Personally, I see “ReleaseSafe” as “FastDebug”. I usually don’t see the point in the compiler automatically inserting checks that will cause a panic if you get an overflow or end up with an invalid member of an enum. Instead of writing cowboy code and expecting the compiler to catch issues, why don’t YOU write the checks in your code? You can check for overflow, you can check for invalid enum casts, you can check if some suspiciously generated index is larger than the buffer it looks inside.
Grep for + and start handling overflows. And you can handle those errors in the way that makes the most sense for each one.

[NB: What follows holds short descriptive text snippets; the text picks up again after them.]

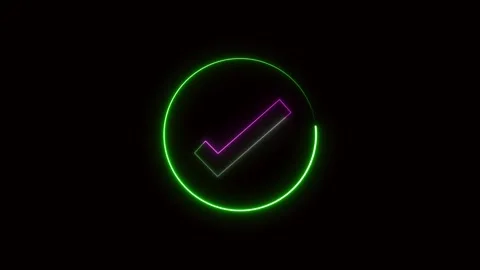 Digital confirmation animation. Green neon checkmark with seamless motion g.. Stock Footage 321456005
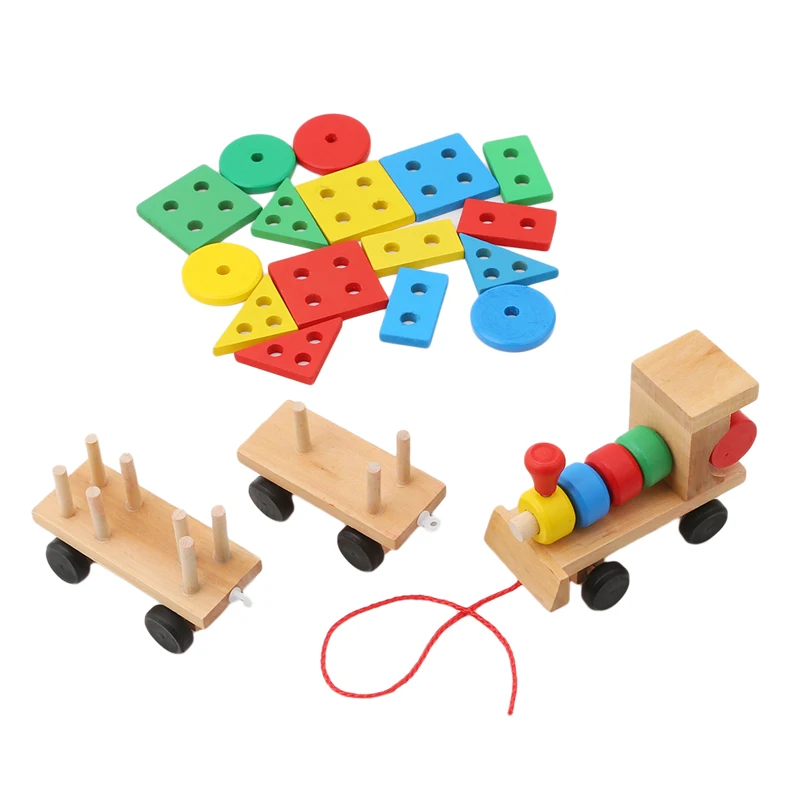 Hot Selling in Kids Baby Developmental Toys Wooden Train Truck Set Geometric Blocks Wonderful Gift Toy Drop Shipping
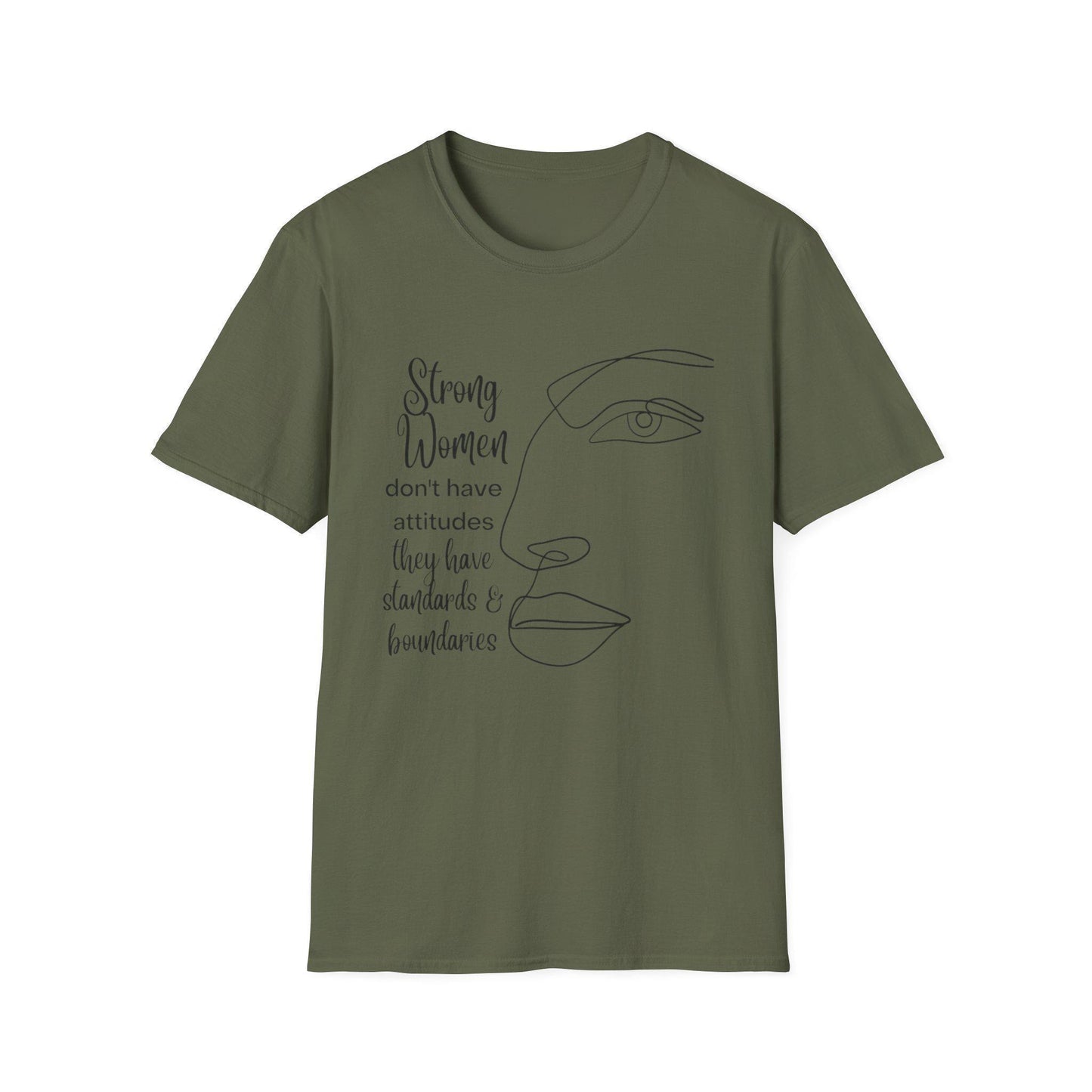 Strong women line art face t-shirt | "strong women don't have attitudes" design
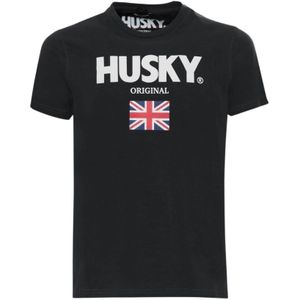 Husky Original, Tops, Heren, Zwart, L, Katoen, Korte mouwen katoenen T-shirt collectie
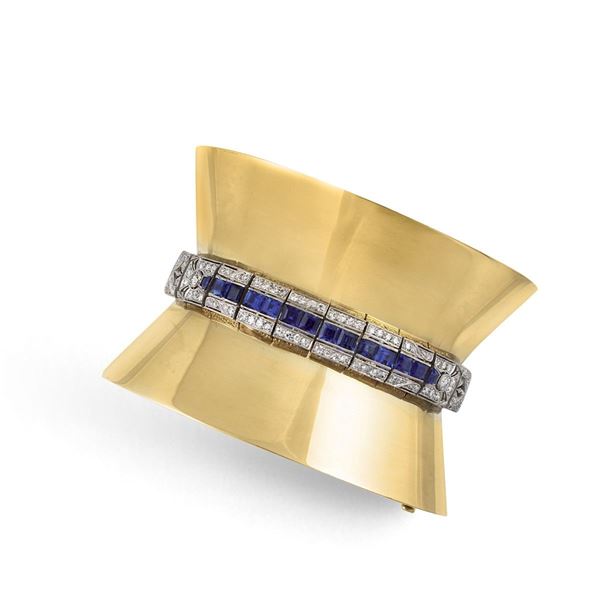 DIAMOND, SAPPHIRE, PLATINUM AND GOLD BRACELET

I suppose it is a nice feature of the language that these can be generated for you and you can just use a custom panic handler. Still, I am suspicious of the idea that programming-language-as-a-safety-framework is the best solution to this problem. I’d much prefer very conservative programming practices where you can actually see the branches and error handling rather than an implicit global panic handler that might be set off at any time by code that broke its contractual obligations. I feel like ReleaseSafe is throwing the baby out but keeping the bathwater. I’d ship ReleaseSmall if I were you.
I disagree with this. Crashing is still undesirable, so I still write proper checks in ReleaseSafe mode. However, I do make mistakes sometimes, everyone does. ReleaseSafe turns a catastrophic vulnerability caused by a programming mistake into a safe crash. Of course, it doesn’t catch all memory safety issues, but it catches a lot. Also, it makes a negligible difference in performance.